ACTION ITEM:
Reproduce the opening lines of the records exactly, please, stopping after the line that contains "Machinery News - Industrial".
+++ MATERIAL PROVIDED +++
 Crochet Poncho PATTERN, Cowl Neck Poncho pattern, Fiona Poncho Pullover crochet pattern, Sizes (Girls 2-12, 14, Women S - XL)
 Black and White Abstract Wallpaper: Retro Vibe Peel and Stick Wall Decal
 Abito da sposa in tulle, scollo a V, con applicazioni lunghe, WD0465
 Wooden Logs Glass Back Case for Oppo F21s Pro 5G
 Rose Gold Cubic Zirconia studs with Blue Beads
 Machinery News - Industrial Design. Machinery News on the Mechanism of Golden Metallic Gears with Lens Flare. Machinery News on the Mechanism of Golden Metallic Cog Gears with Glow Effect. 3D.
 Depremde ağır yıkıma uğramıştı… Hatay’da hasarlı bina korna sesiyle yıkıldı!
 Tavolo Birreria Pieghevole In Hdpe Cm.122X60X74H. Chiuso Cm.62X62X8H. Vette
+++
ANSWER FOR THIS EXERCISE:
 Crochet Poncho PATTERN, Cowl Neck Poncho pattern, Fiona Poncho Pullover crochet pattern, Sizes (Girls 2-12, 14, Women S - XL)
 Black and White Abstract Wallpaper: Retro Vibe Peel and Stick Wall Decal
 Abito da sposa in tulle, scollo a V, con applicazioni lunghe, WD0465
 Wooden Logs Glass Back Case for Oppo F21s Pro 5G
 Rose Gold Cubic Zirconia studs with Blue Beads
 Machinery News - Industrial Design. Machinery News on the Mechanism of Golden Metallic Gears with Lens Flare. Machinery News on the Mechanism of Golden Metallic Cog Gears with Glow Effect. 3D.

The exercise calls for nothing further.